В средневековом рыцарском романе, открывшем внутренний мир человека – пусть и мифологизированный и поэтизированный душевный мир, – сформировались все особенности романа как жанра. По словам, Елеазара Мелетинского: «Превратности одинокого частного человека во враждебном мире – это исходная формула романа как жанра». Таковым был рыцарский роман, повествовавший о «странном» герое, сражавшимся с «чудовищами» поэтизированного «иного» мира. Приключенческий мотив рыцарского романа в дальнейшем получил развитие в галантном и авантюрном романе, инициационный мотив – в романе воспитания, мотив «священного безумия» – в психологическом романе. Подобно тому, как, из «гнева Ахилла», по общему мнению античных авторов, вышла греческая драма, из навеянного любовью «священного безумия» Тристана, Ланселота и других героев рыцарских романов появился европейский психологизм (его метаморфозы можно было бы проследить от романа «Принцесса Клевская» Мари Мадлен де Лафайет до «Толкований сновидений» Зигмунда Фрейда, связывавшего природу безумия (неврозов) с любовью (сексуальностью)).

Плут в преисподней

Наряду с рыцарским романом существенное влияние на роман нового времени оказал испанский плутовской роман. Появившийся в средневековье он обыгрывал все тот же мифологический мотив героя, странствующего по преисподней. Только героем плутовского романа был не «печальный» воин, спасавший погибающих и воскресавший мертвецов, а комичный пройдоха, пытавшийся обхитрить всех и вся (изначально такой плут пытался обхитрить смерть, позднее – хозяев царства мертвых, черта и, наконец, недостойных людей, погрязших в грехе, с которыми, согласно плутовскому наставлению, «надо быть хитрее самого черта»).

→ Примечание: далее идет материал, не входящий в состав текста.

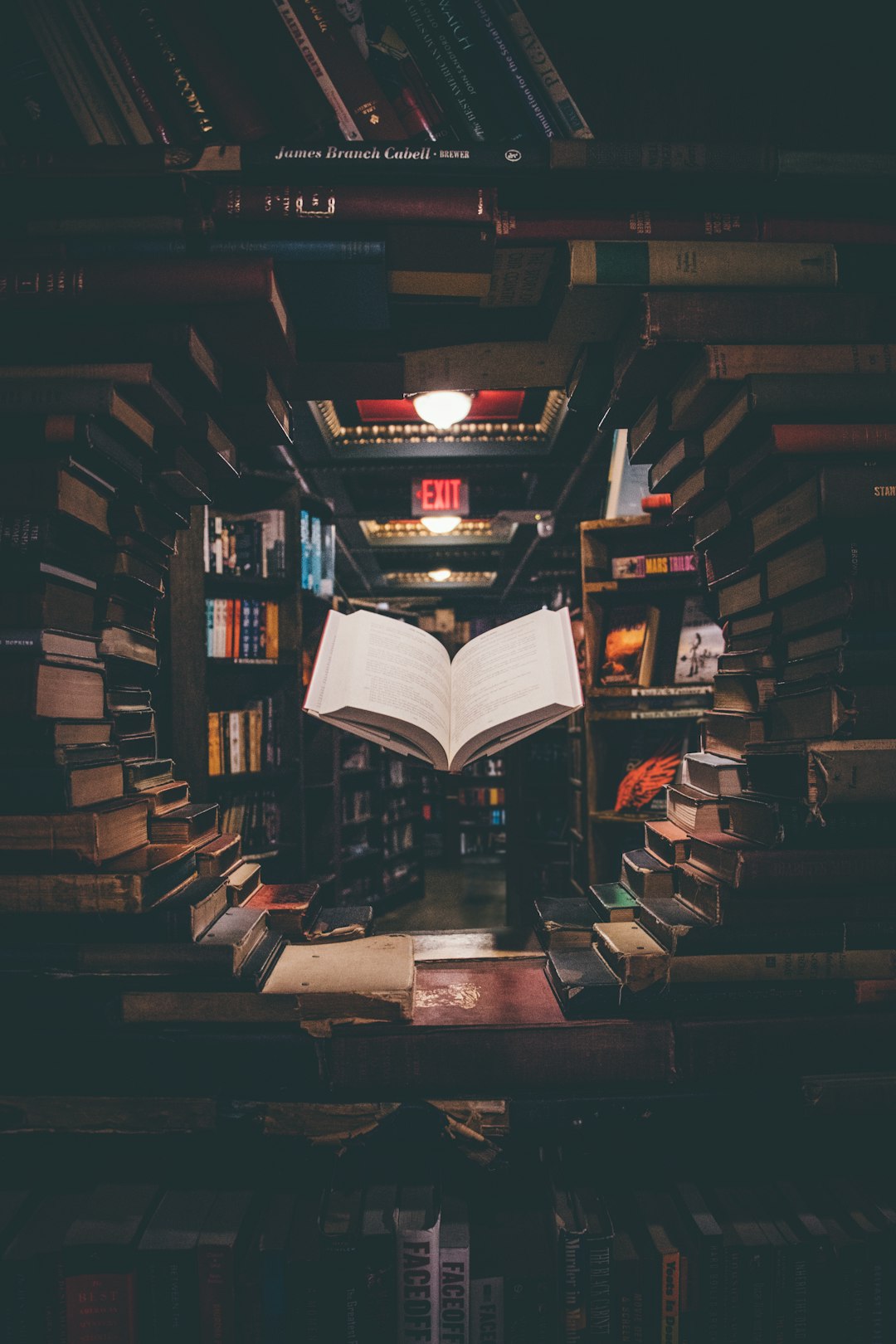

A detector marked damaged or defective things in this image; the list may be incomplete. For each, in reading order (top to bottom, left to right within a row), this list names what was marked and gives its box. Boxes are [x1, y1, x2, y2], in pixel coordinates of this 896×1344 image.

book with torn cover [300, 607, 582, 774]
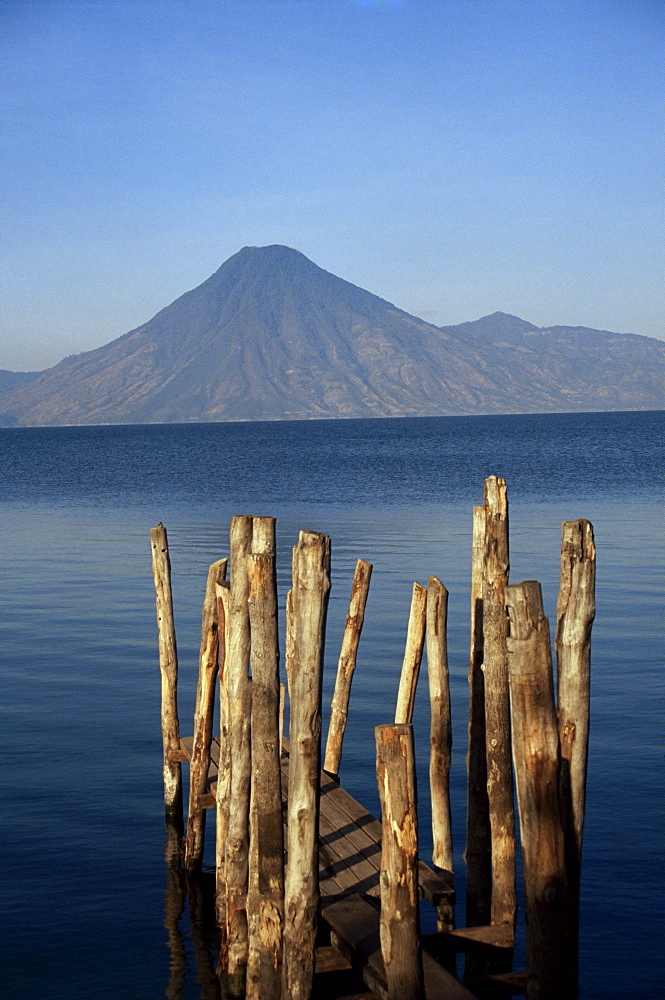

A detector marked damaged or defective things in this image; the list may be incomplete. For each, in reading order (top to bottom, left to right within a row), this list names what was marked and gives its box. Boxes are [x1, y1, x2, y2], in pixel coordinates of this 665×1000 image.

broken dock [152, 478, 596, 1000]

Уже в «Пополь-Вух» герои ведут себя как хитрецы, фокусами и превращениями одерживающими верх над владыками преисподней. В шаманских легендах кам нередко похищает душу человека у хозяев царства мертвых с помощью хитрости и плутовства. Первый собственно плут в преисподней античного мира – раб Ксанфий («Рыжий» – традиционная характеристика «солнечного» героя, так рыжеволосым представлялся Одиссей) из комедии Аристофана «Лягушки», спустившийся вместе со своим господином богом-трикстером Дионисом в Аид, чтобы вернуть из царства мертвых почивших великих поэтов, ибо «одних уж нет, а те, кто есть, – ничтожество» (литературное безвременье живо ощущал уже Аристофан).


Шут и смерть.


Автор сатирического «Путешествия в подземное царство» Менипп, высмеивавший нравы и представления своих современников, сам стал плутом в преисподней в сочинениях Лукиана Самосатского. Согласно «Разговорам в царстве мертвых», этот плутоватый раб, наряду с Диогеном, прозванным Платоном «обезумевшим Сократом», со смехом и по собственной воле вошел в царство смерти, чтобы вдосталь посмеяться над его обитателями: «Харон: «Откуда ты выкопал, Гермес, эту собаку? Всю дорогу он болтал, высмеивал и вышучивал всех сидевших в лодке, и, когда все плакали, он один пел». Гермес: «Ты не знаешь, Харон, какого мужа ты перевез? Мужа, безгранично свободного, не считающегося ни с кем! Это Менипп!»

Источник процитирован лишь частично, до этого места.